Hey! It's been a few days and I was wondering what kind of awesome riding experiences you've had with your new bike. Also, did your bike come stock with the black seat and handlebar tape? I kinda prefer the white one..


----------



## easyridernyc (Jan 10, 2008)

the ksyriums were a smart upgrade, at sixteen pounds with the ultegra group, that is one fast machine...

i'm not a big fan of black handlebar tape, but with that blue and the black seat i think you got the color scheme correct bro

nice bike.


----------



## mournhart (Feb 13, 2010)

Ranilus said:


> Hey! It's been a few days and I was wondering what kind of awesome riding experiences you've had with your new bike. Also, did your bike come stock with the black seat and handlebar tape? I kinda prefer the white one..


Only had time to take it out for a couple of short rides (10 min and 24 min a day later). It feels very responsive. Has been awesome so far, can't wait for the weekend though. Planning on doing at least an hour of riding!

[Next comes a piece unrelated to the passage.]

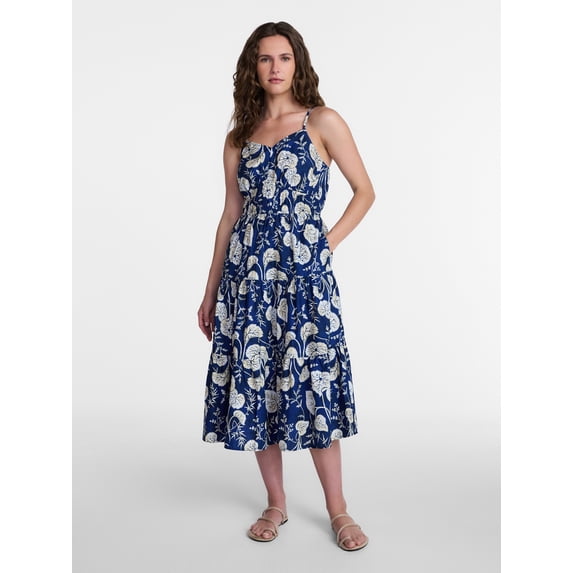 Time and Tru Women's Sleeveless Tiered Cotton Midi Dress, Sizes XS-XXXL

It did come with the black seat and handlebar tape. You might have to talk to your LBS to see if they can do something about that. The seat you may be able to trade it in for something white?


----------



## mournhart (Feb 13, 2010)

easyridernyc said:


> the ksyriums were a smart upgrade, at sixteen pounds with the ultegra group, that is one fast machine...
> 
> i'm not a big fan of black handlebar tape, but with that blue and the black seat i think you got the color scheme correct bro
> 
> nice bike.


If you don't mind telling me, how much did you spend on all the upgrades? I'll need to start saving up, haha. Won't be for a while though, I'll need to rack up a lot of miles before I commit to any more spendings on the bike.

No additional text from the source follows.